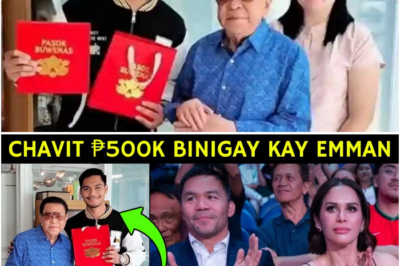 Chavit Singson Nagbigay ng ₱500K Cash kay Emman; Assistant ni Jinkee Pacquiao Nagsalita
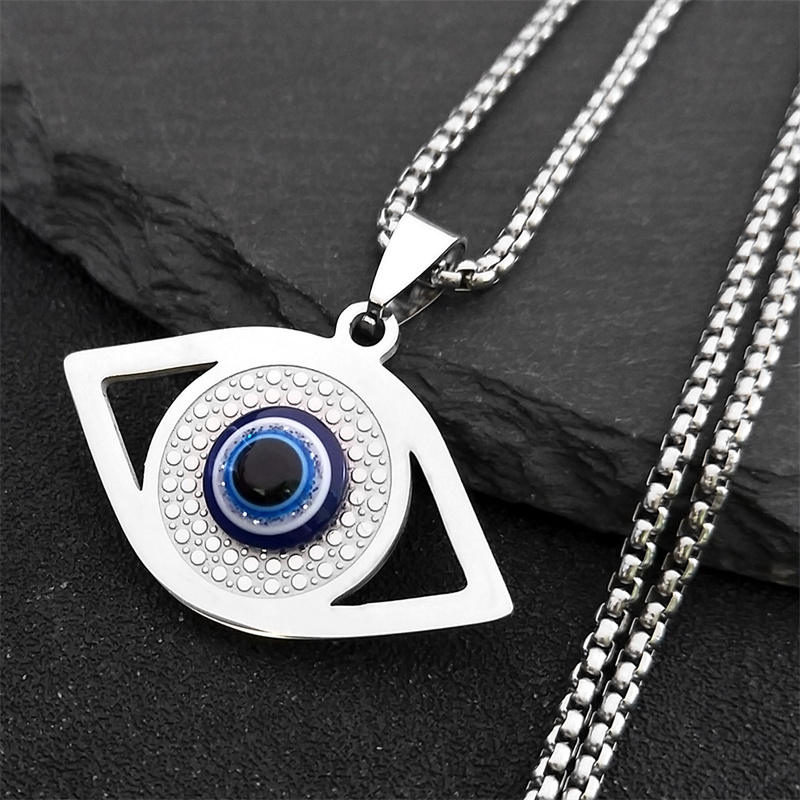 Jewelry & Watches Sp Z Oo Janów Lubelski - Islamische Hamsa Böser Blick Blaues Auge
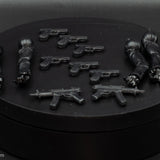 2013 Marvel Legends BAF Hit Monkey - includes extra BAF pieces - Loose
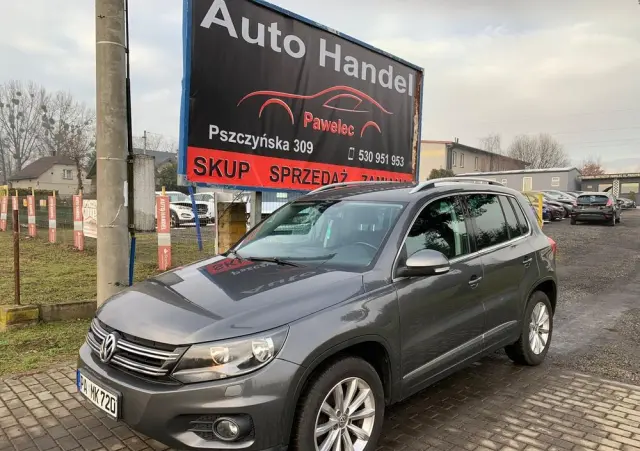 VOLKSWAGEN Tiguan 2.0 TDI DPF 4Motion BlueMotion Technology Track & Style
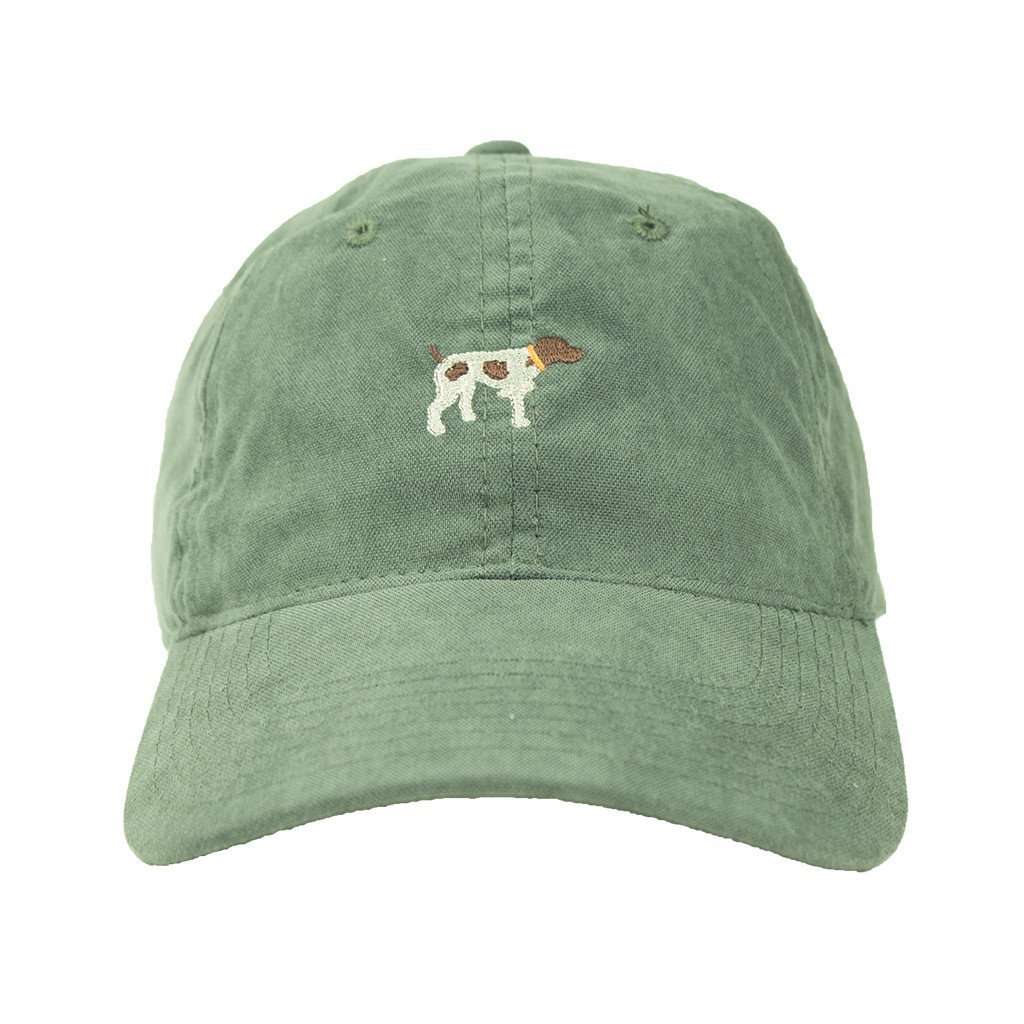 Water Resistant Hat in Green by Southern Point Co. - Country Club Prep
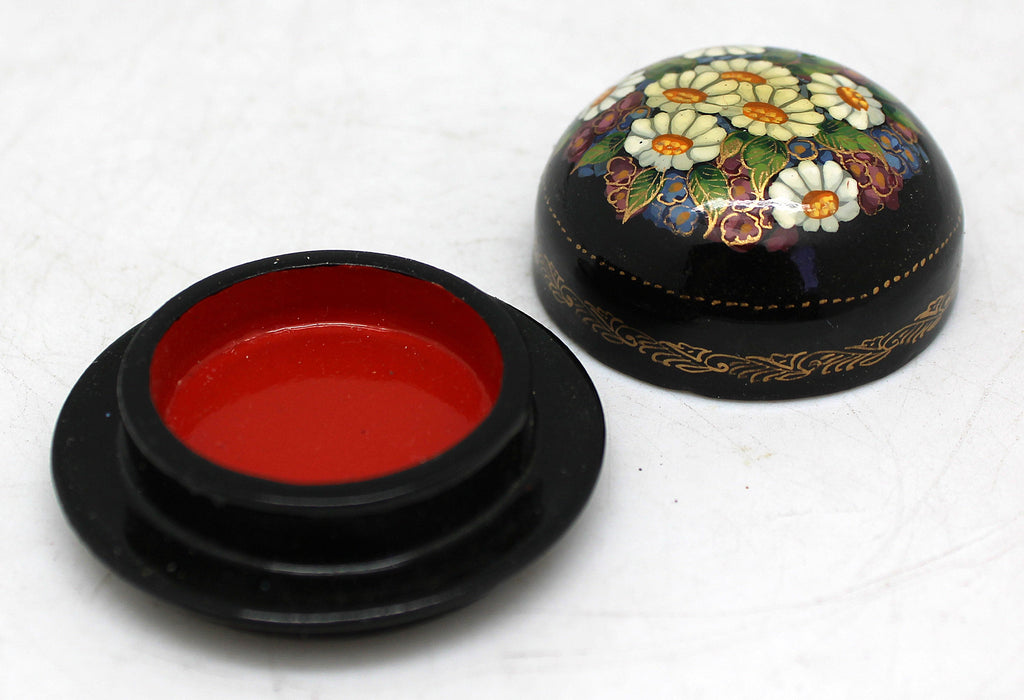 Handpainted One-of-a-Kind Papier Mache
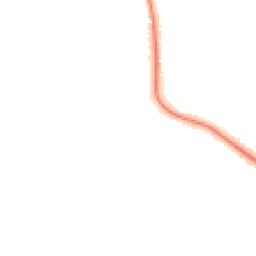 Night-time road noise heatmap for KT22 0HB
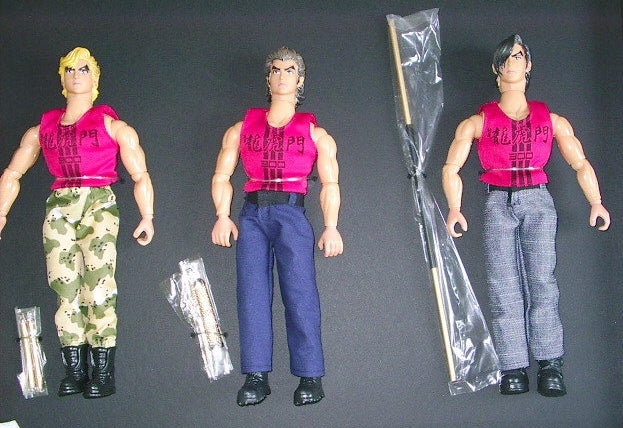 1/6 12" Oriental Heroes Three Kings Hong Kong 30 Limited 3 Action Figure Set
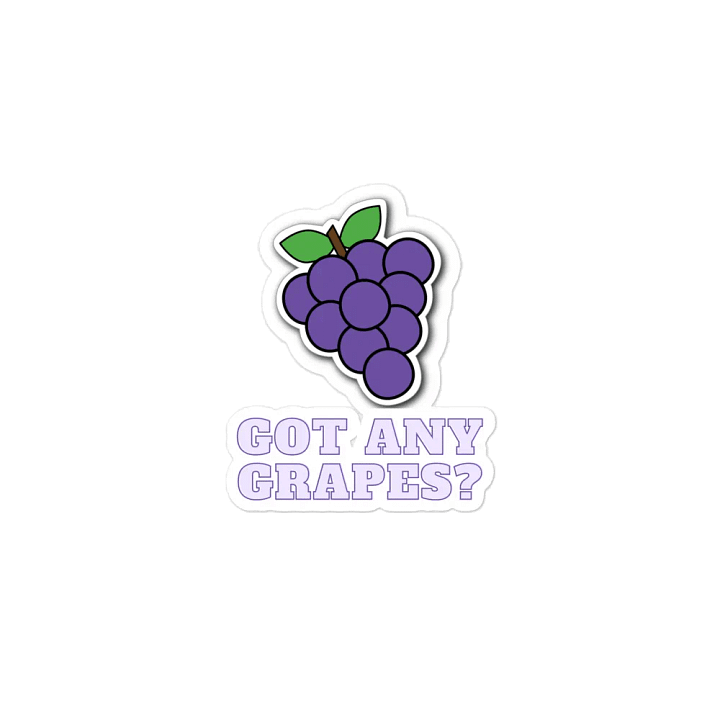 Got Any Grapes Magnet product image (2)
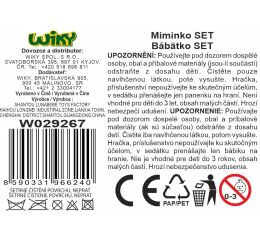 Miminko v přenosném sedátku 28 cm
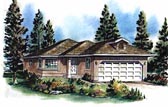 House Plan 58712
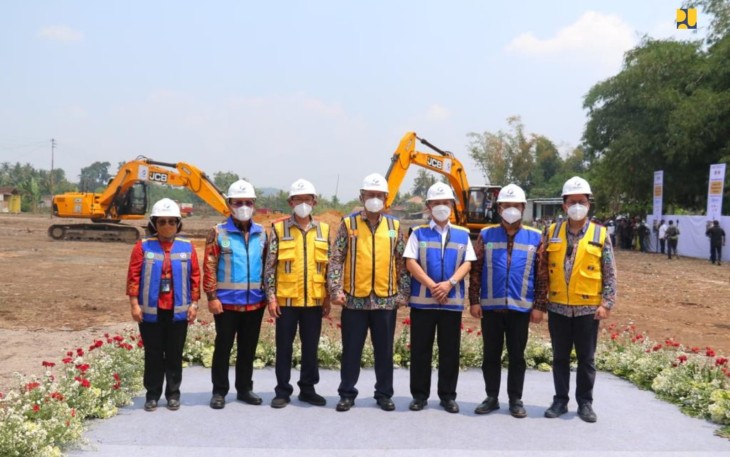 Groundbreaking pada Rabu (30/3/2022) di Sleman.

### What to produce
The expected output is every line from the line where "Miminko v přenosném sedátku 28 cm" appears to the final line of the material, unchanged and with no pictures.

### Completed exercise
 Miminko v přenosném sedátku 28 cm
 House Plan 58712
 Groundbreaking pada Rabu (30/3/2022) di Sleman.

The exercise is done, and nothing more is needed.